The sound of my alarm slices through the room like a blade—sharp, merciless, unapologetic.

It doesn't just wake me.
It cuts through whatever fragile peace I managed to hold onto while sleeping.

The shrill beeping rattles through my chest, bouncing off the walls of my small bedroom until it becomes all I can hear. My hand shoots out from under the blanket, fingers trembling slightly as they fumble across the nightstand. They graze the edge of a book, knock over a pen, finally land on the snooze button.
Silence follows, but it's the heavy kind — the kind that settles in your bones instead of in the air.

For a moment I don't move.

I just lie there, staring up at the ceiling that feels a little lower every day. The paint has tiny cracks running through it now — hairline fractures that probably don't matter to anyone else, but I see them. I see every flaw. Every little break. I see myself in it sometimes.

The sheets feel cold against my bare legs. The pillow still smells faintly like lavender from the spray my mom bought, hoping it would help me sleep better. It didn't. Nothing does.

But I breathe anyway — shallow, uneven — forcing air into lungs that don't seem willing to cooperate this early.

Today is a new day.

That's what people always say.
Teachers. Posters. Motivational quotes on Instagram.
As if a new calendar box has the power to erase everything sitting behind my ribs.

As if pain takes weekends off.
As if trauma resets overnight.
As if the past knows how to stay in the past.

I push myself upright, slowly, like my body needs convincing. My muscles ache from tossing and turning. My neck feels tight. My head heavy.

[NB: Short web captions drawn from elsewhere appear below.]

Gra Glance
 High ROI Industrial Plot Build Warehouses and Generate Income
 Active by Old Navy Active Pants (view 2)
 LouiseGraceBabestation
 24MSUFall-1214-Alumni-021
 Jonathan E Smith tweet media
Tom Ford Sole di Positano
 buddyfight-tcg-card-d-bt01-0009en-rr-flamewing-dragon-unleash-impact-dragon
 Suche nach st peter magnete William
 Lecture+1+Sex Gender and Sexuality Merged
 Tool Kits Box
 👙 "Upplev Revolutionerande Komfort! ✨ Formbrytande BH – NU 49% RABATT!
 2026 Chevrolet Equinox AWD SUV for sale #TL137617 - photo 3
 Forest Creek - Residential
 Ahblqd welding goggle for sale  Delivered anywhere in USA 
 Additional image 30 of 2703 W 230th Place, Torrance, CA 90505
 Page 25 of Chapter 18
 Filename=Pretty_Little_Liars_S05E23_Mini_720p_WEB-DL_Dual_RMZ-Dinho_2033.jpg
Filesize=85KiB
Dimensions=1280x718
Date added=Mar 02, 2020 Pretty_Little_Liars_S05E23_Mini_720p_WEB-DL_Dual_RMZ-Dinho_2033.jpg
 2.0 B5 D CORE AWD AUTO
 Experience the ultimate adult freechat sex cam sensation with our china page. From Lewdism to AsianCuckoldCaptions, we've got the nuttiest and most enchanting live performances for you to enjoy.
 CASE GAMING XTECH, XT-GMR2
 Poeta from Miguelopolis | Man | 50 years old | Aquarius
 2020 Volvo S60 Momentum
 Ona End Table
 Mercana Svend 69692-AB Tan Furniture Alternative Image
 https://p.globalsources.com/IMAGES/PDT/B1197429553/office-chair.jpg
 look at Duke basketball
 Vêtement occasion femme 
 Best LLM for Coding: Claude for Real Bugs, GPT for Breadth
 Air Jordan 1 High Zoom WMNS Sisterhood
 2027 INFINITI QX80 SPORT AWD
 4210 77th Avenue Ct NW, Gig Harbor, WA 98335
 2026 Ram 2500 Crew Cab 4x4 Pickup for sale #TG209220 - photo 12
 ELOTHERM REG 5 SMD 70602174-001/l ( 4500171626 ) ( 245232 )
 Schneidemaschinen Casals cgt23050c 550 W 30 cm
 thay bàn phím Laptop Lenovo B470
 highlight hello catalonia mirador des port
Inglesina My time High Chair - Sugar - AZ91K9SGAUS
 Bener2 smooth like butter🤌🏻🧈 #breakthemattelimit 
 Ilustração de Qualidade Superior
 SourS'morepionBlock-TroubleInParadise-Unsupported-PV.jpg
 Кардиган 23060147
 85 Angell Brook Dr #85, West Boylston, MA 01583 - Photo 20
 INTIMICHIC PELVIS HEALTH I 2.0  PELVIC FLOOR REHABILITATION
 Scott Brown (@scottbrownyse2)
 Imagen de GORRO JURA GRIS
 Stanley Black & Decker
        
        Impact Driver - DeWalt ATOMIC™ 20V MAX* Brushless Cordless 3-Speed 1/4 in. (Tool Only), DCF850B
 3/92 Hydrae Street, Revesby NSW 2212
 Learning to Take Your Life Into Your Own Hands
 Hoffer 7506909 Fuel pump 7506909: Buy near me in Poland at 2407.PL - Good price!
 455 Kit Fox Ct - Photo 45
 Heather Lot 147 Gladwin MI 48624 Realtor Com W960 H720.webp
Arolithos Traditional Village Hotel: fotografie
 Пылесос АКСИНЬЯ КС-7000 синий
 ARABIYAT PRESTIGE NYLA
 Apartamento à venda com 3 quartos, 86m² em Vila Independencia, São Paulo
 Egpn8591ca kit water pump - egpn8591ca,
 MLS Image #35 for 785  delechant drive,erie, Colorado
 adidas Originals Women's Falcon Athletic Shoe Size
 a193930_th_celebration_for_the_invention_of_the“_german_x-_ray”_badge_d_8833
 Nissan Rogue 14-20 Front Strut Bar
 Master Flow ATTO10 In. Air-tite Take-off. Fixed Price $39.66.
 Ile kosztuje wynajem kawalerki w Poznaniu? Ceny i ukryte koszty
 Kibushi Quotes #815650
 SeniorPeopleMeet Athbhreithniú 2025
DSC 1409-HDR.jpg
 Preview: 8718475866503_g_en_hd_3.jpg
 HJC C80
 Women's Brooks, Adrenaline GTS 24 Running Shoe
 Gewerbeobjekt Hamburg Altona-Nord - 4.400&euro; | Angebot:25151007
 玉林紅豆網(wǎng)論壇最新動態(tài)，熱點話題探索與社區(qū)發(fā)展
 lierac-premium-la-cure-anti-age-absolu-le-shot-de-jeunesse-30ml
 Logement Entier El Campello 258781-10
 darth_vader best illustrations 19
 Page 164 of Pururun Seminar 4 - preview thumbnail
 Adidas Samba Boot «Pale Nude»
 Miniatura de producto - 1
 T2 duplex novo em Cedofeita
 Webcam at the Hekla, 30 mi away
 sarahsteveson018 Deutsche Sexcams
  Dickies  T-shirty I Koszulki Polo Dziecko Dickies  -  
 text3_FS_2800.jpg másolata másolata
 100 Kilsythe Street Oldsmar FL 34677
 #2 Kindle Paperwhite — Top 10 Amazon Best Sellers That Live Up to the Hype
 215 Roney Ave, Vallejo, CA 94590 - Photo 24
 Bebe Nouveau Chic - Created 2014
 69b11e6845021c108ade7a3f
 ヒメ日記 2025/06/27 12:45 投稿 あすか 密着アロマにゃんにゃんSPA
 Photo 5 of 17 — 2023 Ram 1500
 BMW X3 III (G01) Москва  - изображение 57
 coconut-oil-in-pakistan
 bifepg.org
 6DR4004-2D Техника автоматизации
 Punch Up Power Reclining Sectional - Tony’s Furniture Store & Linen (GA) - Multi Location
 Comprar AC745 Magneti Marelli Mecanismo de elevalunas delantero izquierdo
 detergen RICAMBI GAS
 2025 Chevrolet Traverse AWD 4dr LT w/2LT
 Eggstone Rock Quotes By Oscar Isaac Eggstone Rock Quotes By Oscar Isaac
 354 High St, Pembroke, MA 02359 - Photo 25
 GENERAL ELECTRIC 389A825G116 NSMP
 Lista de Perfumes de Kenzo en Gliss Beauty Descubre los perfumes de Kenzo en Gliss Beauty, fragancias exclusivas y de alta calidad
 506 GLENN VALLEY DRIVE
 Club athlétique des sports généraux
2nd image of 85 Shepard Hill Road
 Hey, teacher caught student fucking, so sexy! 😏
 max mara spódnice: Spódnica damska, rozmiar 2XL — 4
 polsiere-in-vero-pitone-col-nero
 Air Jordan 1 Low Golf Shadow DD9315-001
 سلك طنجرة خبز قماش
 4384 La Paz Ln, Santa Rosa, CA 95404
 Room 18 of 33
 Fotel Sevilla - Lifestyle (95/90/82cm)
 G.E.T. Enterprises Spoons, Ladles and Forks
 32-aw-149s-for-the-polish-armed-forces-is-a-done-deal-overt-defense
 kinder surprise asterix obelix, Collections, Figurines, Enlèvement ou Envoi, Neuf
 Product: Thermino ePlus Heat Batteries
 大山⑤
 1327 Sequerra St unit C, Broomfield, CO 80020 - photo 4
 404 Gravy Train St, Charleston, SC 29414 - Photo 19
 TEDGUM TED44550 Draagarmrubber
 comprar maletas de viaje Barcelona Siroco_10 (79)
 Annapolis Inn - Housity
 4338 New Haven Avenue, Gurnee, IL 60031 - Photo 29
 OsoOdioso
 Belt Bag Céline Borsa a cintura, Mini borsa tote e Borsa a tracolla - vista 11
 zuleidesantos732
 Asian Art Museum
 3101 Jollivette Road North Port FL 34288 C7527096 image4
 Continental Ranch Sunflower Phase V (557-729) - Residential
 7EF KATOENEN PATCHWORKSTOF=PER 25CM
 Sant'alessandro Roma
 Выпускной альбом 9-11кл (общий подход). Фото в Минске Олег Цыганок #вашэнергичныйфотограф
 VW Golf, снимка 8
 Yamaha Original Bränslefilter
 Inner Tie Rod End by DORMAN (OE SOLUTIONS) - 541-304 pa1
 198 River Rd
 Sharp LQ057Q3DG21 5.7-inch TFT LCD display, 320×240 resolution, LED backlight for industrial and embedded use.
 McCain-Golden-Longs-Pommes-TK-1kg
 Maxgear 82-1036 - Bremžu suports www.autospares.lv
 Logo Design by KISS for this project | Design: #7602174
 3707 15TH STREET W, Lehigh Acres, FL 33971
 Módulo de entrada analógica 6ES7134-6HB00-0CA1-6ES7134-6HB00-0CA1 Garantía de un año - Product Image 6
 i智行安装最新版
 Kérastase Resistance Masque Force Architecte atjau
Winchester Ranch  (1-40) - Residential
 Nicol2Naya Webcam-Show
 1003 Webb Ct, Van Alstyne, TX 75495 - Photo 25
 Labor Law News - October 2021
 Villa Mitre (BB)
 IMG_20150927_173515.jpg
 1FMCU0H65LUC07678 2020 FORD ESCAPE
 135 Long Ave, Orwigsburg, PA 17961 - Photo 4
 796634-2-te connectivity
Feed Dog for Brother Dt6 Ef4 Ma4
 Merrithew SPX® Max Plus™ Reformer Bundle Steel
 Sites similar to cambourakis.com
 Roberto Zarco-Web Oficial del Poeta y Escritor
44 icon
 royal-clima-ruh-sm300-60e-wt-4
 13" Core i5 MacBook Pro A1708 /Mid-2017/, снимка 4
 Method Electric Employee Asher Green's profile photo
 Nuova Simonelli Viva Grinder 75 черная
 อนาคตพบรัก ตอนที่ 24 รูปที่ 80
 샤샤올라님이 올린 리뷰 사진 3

The curtains are still drawn, darkening the room except for thin slits of sunlight that seep through like they're searching for me. Dust floats in the beams, weightless and unbothered, drifting wherever the light directs them.

I envy that.

My gaze moves to my desk.

To the thing I spend every morning avoiding.

The picture frame.

Even from across the room, I can see the faint outline of us through the glass. It shouldn't hurt to look at a memory, but it does. Memories have claws — especially the ones you didn't ask to lose.

I stand up slowly, each step across the cold wooden floor sounding too loud in the quiet room. My fingers hover over the picture for a second before I finally pick it up.

There we are.

Me, with my hair in messy braids, freckles unbothered across my nose, smiling so wide it almost looks painful.
Hardin, slightly taller even back then, his arm wrapped around me, pulling me close like he always used to. His smile was different in those days — genuine, unguarded, warm in a way that felt safe.

Like he belonged next to me.

Like he wanted to.

His eyes in the picture are the part that hurt the most to look at. Because the boy in that photo didn't hate anyone. He didn't push people away. He didn't drown himself in alcohol or light cigarettes like they were oxygen.

He certainly didn't hurt me.

Back then... he couldn't even stand the smell of smoke.
He'd wrinkle his nose, wave his hands dramatically, tell me he'd never understand how anyone put that stuff in their lungs — "especially after what it did to my mom," he said once, voice small and cracking in a way only kids can sound.

That boy is gone.

Replaced by someone harder. Someone sharp. Someone who uses cruelty as armor.

Someone who looks at me like I'm a stranger.

I swallow, but the lump in my throat is stubborn. I hold the picture tighter, the glass cooling my fingertips, grounding me even as it hurts.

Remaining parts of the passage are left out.